Moral: "She didn't spend much upon linendrapers/It certainly entertained the gapers//My ways were strange beyond all range/Paragraphs got into all the papers."
L3: Now I wish I were still in Austenian mode, because LW3's mother-in-law is right in the mode of Mrs Bennet. Why, I can hear Mrs Bennet now, telling Mr Bingley what a close friend of their family Charlotte Lucas is, and how she has never joined in the common gossip of the neighbourhood in calling Charlotte unattractive. Then, when Bingley pays Charlotte the compliment of being very pleasant, Mrs B fires back, "But you must own she is very plain."

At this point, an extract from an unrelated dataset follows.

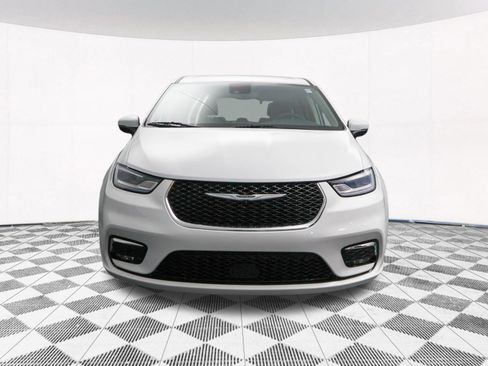 Used 2023 Chrysler Pacifica Touring-L FWD image 38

Now I have a huge bone to pick with the school, let alone LW3 or any of her relations. If there is a TIE for valedictorian, then there CANNOT be a SECOND tie for salutatorian. Look at the leaderboard and the placements listed at any PGA or LPGA tournament. When two players are tied for first place, what is the next place listed on the leaderboard? THIRD. Not second. Accordingly, I cannot care about the outcome unless both of the so-called tied-for-salutatorians decline the misguided and erroneous honour.
I'll compare the mother-in-law to the ancestors in Ruddigore who come out of their picture frames to torment any Baronet who refuses to commit his daily crime until he dies in agony. It is perhaps only out of desperation that Sir Ruthven at last manages to defeat them by realizing that Sir Roderick, his predecessor, died in the only way any Baronet of Ruddigore could, by refusing to commit his daily crime. But knowing that such refusal was death meant that the refusal was basically suicide - a crime - and that therefore Sir Roderick ought never to have died at all. But LW3 also reminds me a little of Rose Maybud trying to cope with the dilemma of how to convey to Dame Hannah which of the local swains she favours when her book of etiquette, which was all her parents left her and which she has taken as her Guide to Life, seems to thwart her at every turn.

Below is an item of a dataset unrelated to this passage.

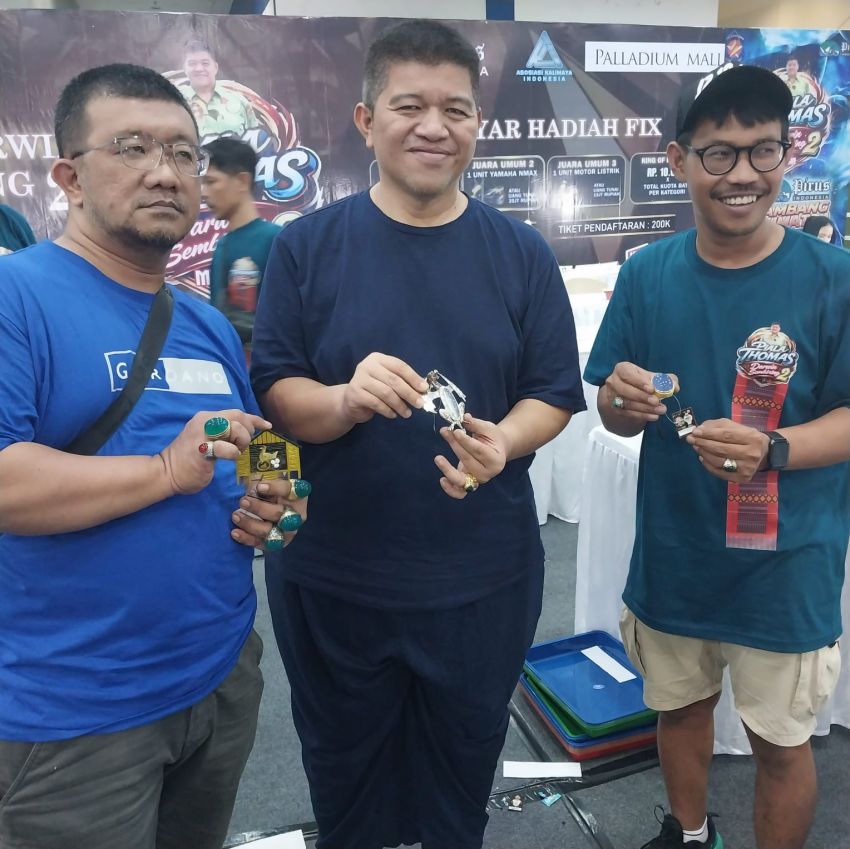 Kontes Batu Akik Tingkat Nasional Rebutkan Piala Thomas Darwin Sembiring Digelar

Moral: "You may not hint, you must not hint/It says you mustn't hint in print."
L4: Interesting to see the prosecutor acting like counsel for the Defence, but the solution to this one is quite simple. This is grounds for breakup. The lucky couple have discovered their strong incompatibility on a significant point quite sufficiently early. (We should start a pool on how long they'll be married before they realize that they knew now it wouldn't work.) I shall not even have to cross-examine the witness on exactly how she thinks she has acquired veto power over the proposed arrangement. (I forget now whether LW4 actually made it incontrovertibly clear that the letter is written by a woman; it would be a much more interesting situation if LW4 were male; cross-orientational lines often make for a much more entertaining picture.)

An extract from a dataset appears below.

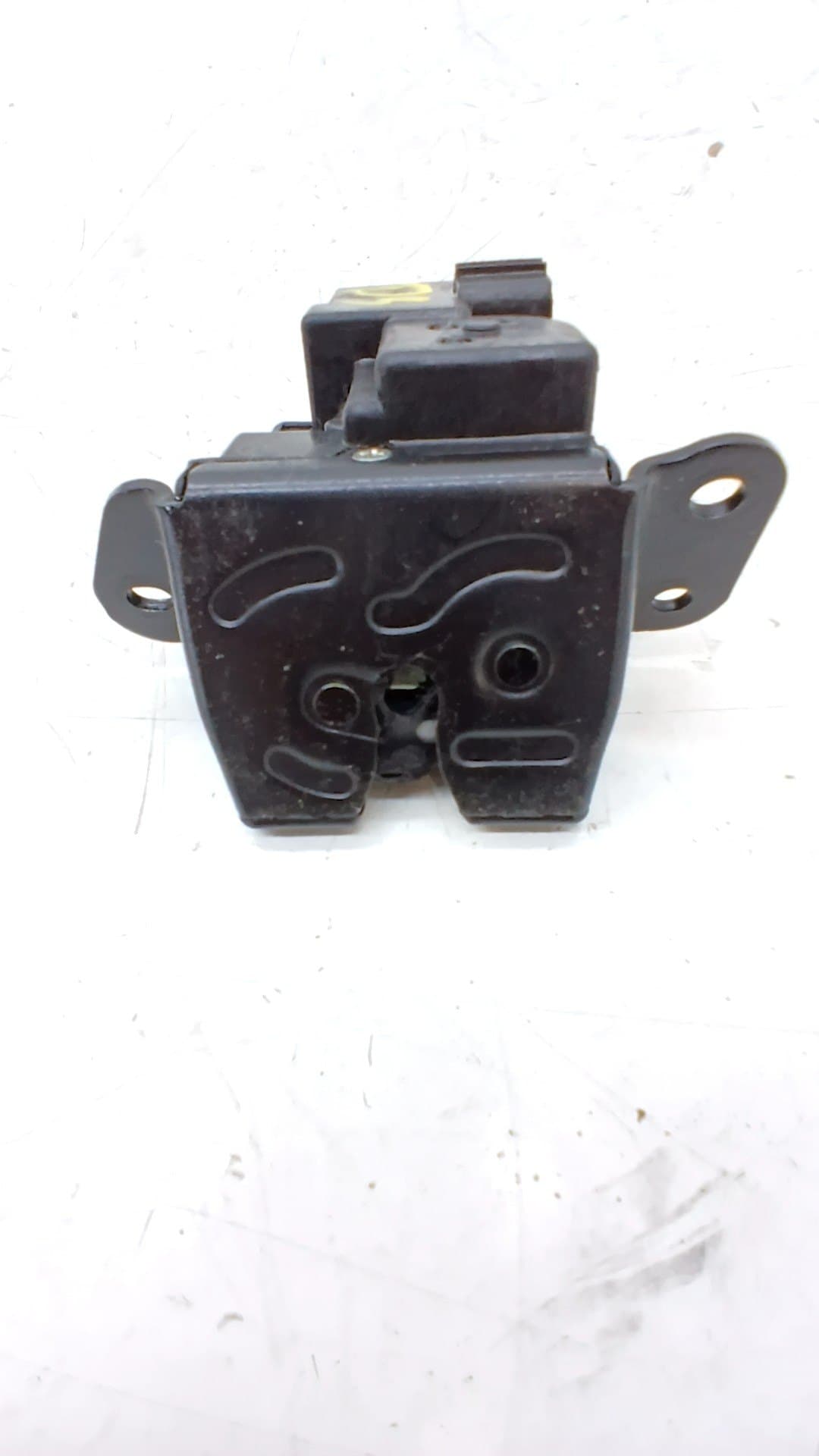 Cerradura maletero / porton KIA CARENS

This letter is actually my strongest *Ruddigore* likeness. Early in Act II, Rose and Dick Dauntless sing the duet, "Happily Coupled Are We," in which Dick predicts a happy married life for them but Rose suspects otherwise, even if she is such a bright little, right little, slight little, tight little craft.
Morals: "And all of my wishes you'll throw to the fishes/As though they were never to be - poor me!" and "For you'll be asserting your freedom by flirting/With every woman you meet - you cheat!"